DNS filtering is one of the most cost-effective network security controls available. Several providers offer free tiers suitable for small businesses (Cloudflare's 1.1.1.1 for Families, Quad9's free service), while business-grade products with more comprehensive categorisation and reporting are available at modest cost. Configuring your router to use a DNS filtering service applies the protection to every device on the network without requiring software installation on individual devices.

Avoiding Malicious Downloads

Drive-by downloads — malware delivered via a malicious or compromised website without any explicit user action — rely on unpatched browser or plugin vulnerabilities. Keeping your browser updated is the primary defence. Ensure browser plugins like Flash (now broadly discontinued) and Java Web Start are disabled or uninstalled, as these have historically been high-value exploit targets.

For files that are explicitly downloaded, the general principle is: download software only from official vendor websites or reputable sources. Searching for "download VLC" and clicking the first result is riskier than navigating directly to videolan.org. Search engine results for software downloads are a common vector for trojanised installers — software that appears legitimate but includes malware.

If you need to open a file that you are not certain about, many security vendors provide online sandboxes — VirusTotal is the most widely known — where you can upload a file and have it checked against dozens of malware detection engines before opening it locally.

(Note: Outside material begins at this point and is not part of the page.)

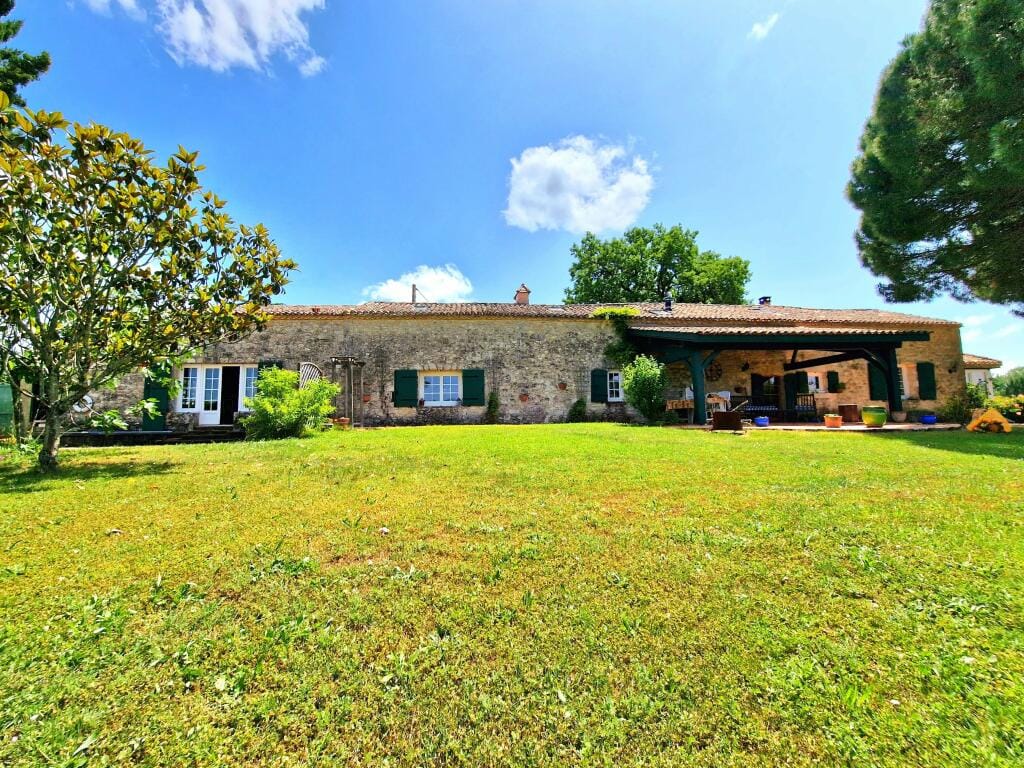 Primary image of Aquitaine, Dordogne, Eymet, France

Personal Browsing on Work Devices

Personal web browsing on work devices is a risk that many small businesses either ignore or try to prohibit entirely. Complete prohibition is typically unenforceable and creates resentment. A more practical approach is to acknowledge that personal browsing will occur, and to ensure that the security controls on work devices protect against the higher-risk categories of personal browsing activity: streaming sites that use aggressive advertising networks, torrent sites, software download portals, and adult content sites all have significantly higher rates of malicious advertising and drive-by download exposure than routine work-related browsing.

Your acceptable use policy should address personal browsing. DNS filtering will block the most obviously high-risk categories. Your endpoint security will catch some of what gets through. And awareness that work devices are monitored reduces the probability of the highest-risk personal browsing behaviour.

What to Do If Something Seems Wrong

Staff should know what to do if they believe they've clicked something they shouldn't have, or if their device starts behaving unusually after visiting a website. The answer in all cases is: stop what you're doing, disconnect the device from the network (turn off Wi-Fi, unplug the network cable), and tell your IT provider or security contact immediately. Do not try to fix it yourself; do not continue working on the device while it may be compromised. Speed matters — the faster the response, the less opportunity the attacker has.